Powered By Blogger

Jumat, 30 Maret 2012

Imamah, Kepemimpinan menurut Al-Qur’an (Bagian2)

Imamah, Kepemimpinan menurut Al-Qur’an (Bagian2)

Kepemimpinan Ulil-Amri dan Ketaatan padanya

يَأَيهَا الَّذِينَ ءَامَنُوا أَطِيعُوا اللَّهَ وَ أَطِيعُوا الرَّسولَ وَ أُولى الأَمْرِ مِنكمْ فَإِن تَنَزَعْتُمْ فى شىْ‏ءٍ فَرُدُّوهُ إِلى اللَّهِ وَ الرَّسولِ إِن كُنتُمْ تُؤْمِنُونَ بِاللَّهِ وَ الْيَوْمِ الاَخِر

“Hai orang-orang yang beriman, taatilah Allah dan taatilah Rasul-Nya, dan ulil amri kalian.
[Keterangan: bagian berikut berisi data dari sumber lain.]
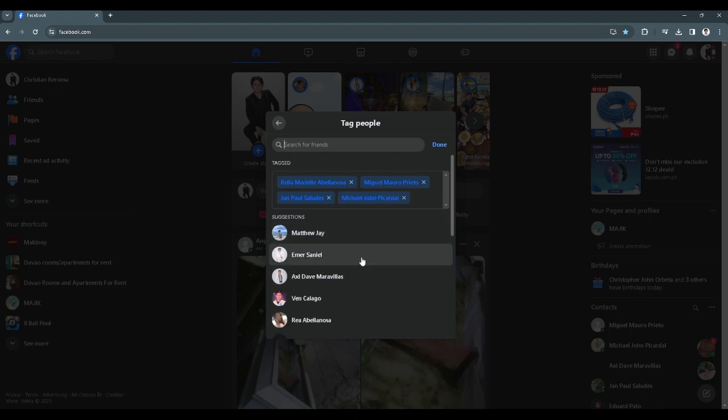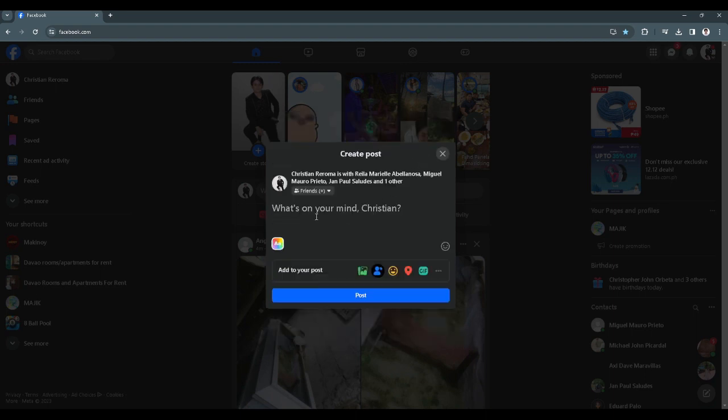For example, we're already done tagging all of them. Let's just click on done and now you can simply do anything and post whatever you like.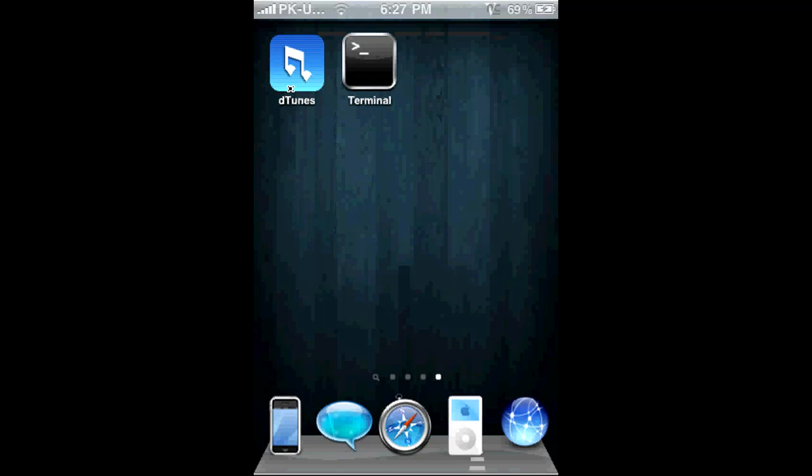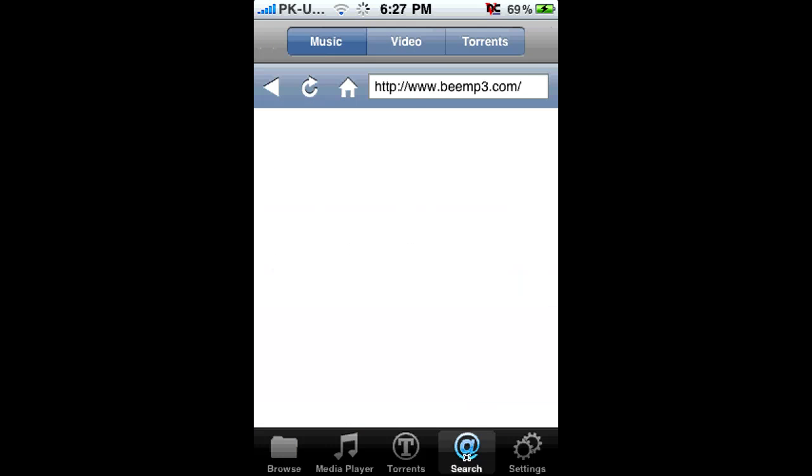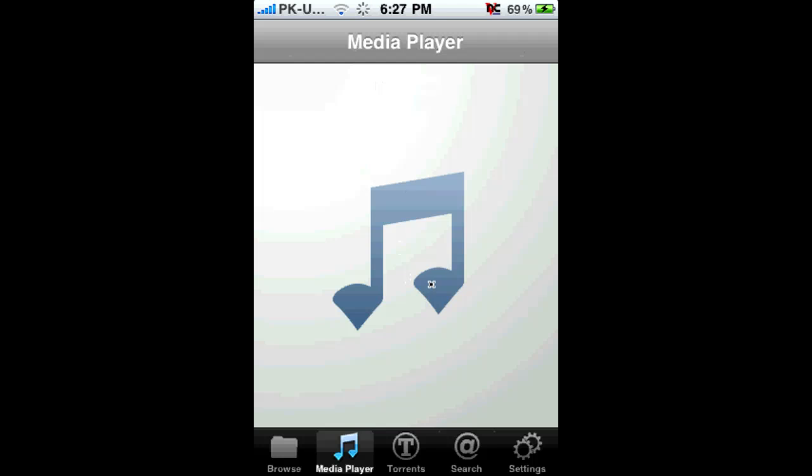Open up D-Tunes, go to search, and here you can search for music. Music and video work really well and there's a built-in browser — you can play it, download it, or just listen to it if you don't want to download it. And that's it, thanks for watching.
Jika kamu berselisih pendapat tentang sesuatu, maka kembalikan kepada Allah dan Rasul-Nya jika kamu benar-benar beriman kepada Allah dan hari kemudian.” (An-Nisa’: 59)
Setelah Allah swt menyerukan hamba-Nya untuk beribadah kepada Yang Maha Esa yang sekutu bagi-Nya, menyebarkan ihsan kepada seluruh kaum mukminin, dan menghinakan orang-orang yang menghina kebenaran dan menyimpang darinya, Dia memerintahkan kepada orang-orang yang beriman untuk berpegang teguh pada dasar keimanan yang memiliki cabang-cabang hukum, yang di atasnya masyarakat Islam harus meletakkan fondasi hukum. Yakni Allah merintahkan kaum mukminin agar menjalin dan mencintai persatuan di antara mereka, meninggalkan segala perselisihan dan perpecahan di antara mereka dengan cara kembali kepada Allah dan Rasul-Nya.
Allah swt menegaskan bahwa kaum mukminin tidak boleh meragukan ketaatan kepada Allah dan Rasul-Nya. Ini harus menjadi dasar pijakan ketika terjadi perselisihan di antara mereka, yaitu harus kembali kepada Allah dan Rasul-Nya, karena azas ini merupakan dasar dari seluruh syariat dan hukum Islam. Inilah yang dimaksudkan oleh firman Allah swt: “Jika kamu berselisih pendapat tentang sesuatu, maka kembalikanlah ia kepada Allah dan Rasul-Nya.”
Mari kita perhatikan pernyataan-pernyataan Allah swt berikut ini:

أَ لَمْ تَرَ إِلى الَّذِينَ يَزْعُمُونَ أَنَّهُمْ ءَامَنُوا بِمَا أُنزِلَ إِلَيْك وَ مَا أُنزِلَ مِن قَبْلِك يُرِيدُونَ أَن يَتَحَاكَمُوا إِلى الطغُوتِ وَ قَدْ أُمِرُوا أَن يَكْفُرُوا بِهِ وَ يُرِيدُ الشيْطنُ أَن يُضِلَّهُمْ ضلَلا بَعِيداً

“Apakah kamu tidak memperhatikan orang-orang yang mengaku dirinya telah beriman kepada apa yang diturunkan kepadamu dan pada apa yang diturunkan sebelum kamu.” Mereka hendak berhakim kepada thaghut, padahal mereka telah diperintah mengingkari thaghut itu. Dan syaitan bermaksud menyesatkan mereka (dengan) penyesatan yang sejauh-jauhnya.” (An-Nisa’: 60)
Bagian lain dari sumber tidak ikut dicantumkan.